GOAL OF THE EXERCISE: From the entries below, output the line with "canadian silver dollars" and each following line up to and including the line with "2013 Ram 1500", exactly as written.
BEGIN MATERIAL PROVIDED
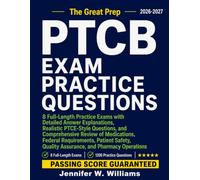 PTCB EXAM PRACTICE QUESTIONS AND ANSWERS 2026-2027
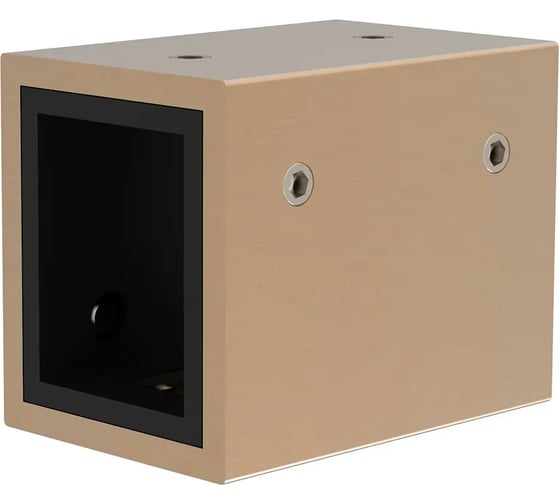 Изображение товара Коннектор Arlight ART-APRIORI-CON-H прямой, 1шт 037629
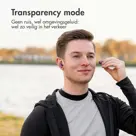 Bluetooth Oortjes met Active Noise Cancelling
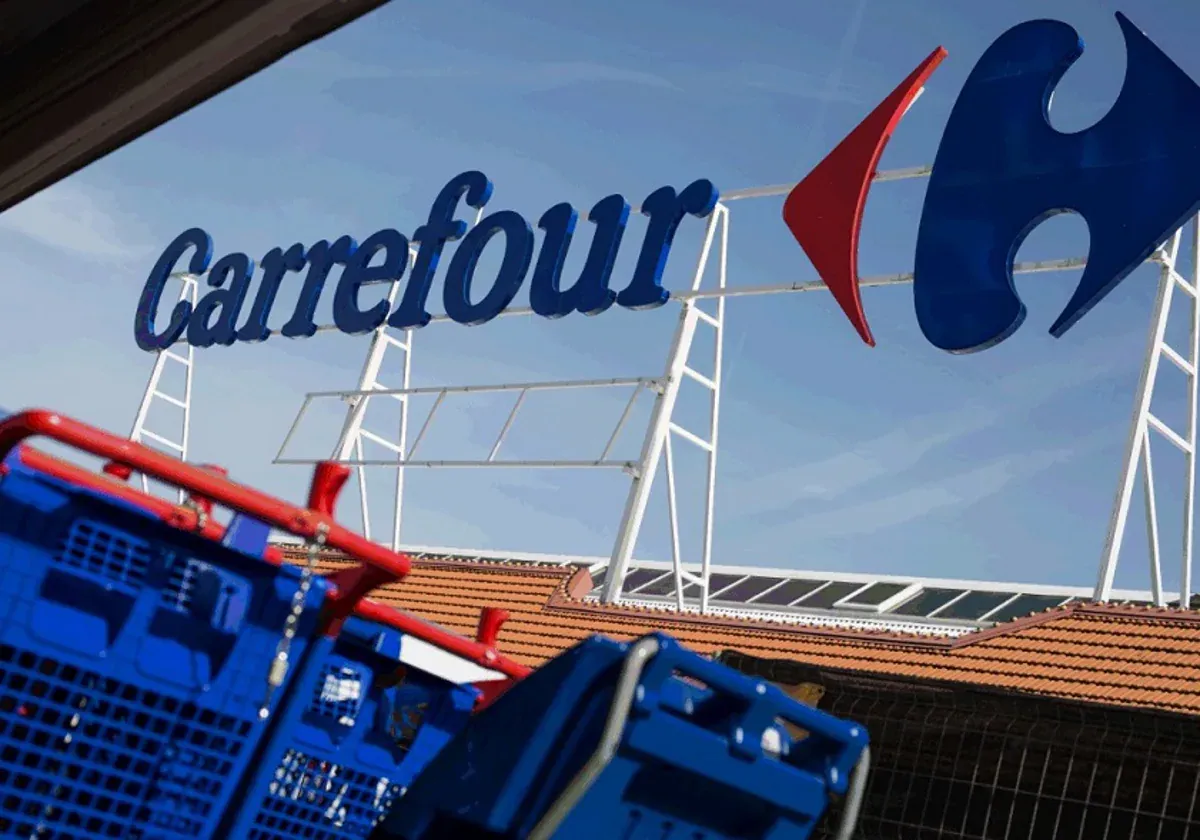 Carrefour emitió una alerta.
END MATERIAL PROVIDED
BEGIN MATERIAL PROVIDED
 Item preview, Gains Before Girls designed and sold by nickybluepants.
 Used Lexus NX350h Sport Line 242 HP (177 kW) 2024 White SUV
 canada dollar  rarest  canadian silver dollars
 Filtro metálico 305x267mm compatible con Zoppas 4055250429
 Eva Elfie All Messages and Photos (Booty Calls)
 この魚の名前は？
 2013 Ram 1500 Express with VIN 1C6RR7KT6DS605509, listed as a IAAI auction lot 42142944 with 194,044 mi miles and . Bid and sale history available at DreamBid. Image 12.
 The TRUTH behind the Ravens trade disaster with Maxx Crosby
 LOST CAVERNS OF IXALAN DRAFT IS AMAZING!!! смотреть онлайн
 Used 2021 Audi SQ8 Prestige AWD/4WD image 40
END MATERIAL PROVIDED
BEGIN MATERIAL PROVIDED
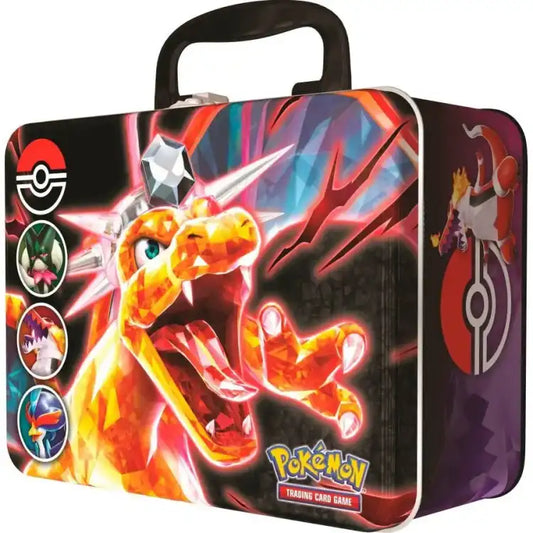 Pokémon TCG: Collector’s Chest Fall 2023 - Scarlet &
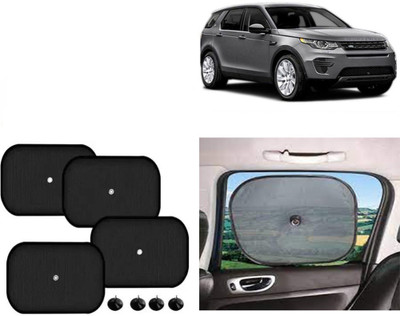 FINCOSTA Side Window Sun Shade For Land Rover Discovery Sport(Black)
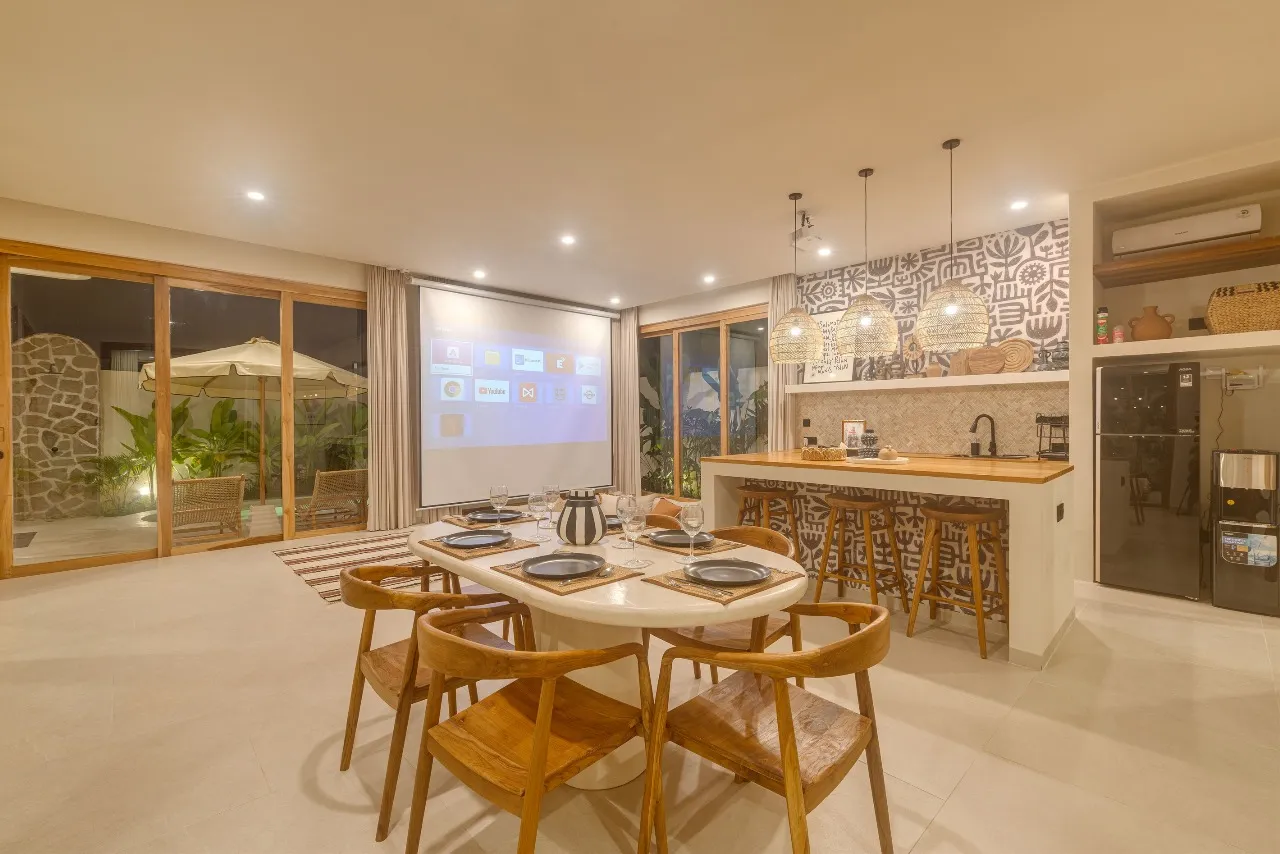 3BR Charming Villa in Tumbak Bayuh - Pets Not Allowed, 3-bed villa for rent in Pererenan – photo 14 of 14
END MATERIAL PROVIDED
ANSWER BELOW:
 canada dollar  rarest  canadian silver dollars
 Filtro metálico 305x267mm compatible con Zoppas 4055250429
 Eva Elfie All Messages and Photos (Booty Calls)
 この魚の名前は？
 2013 Ram 1500 Express with VIN 1C6RR7KT6DS605509, listed as a IAAI auction lot 42142944 with 194,044 mi miles and . Bid and sale history available at DreamBid. Image 12.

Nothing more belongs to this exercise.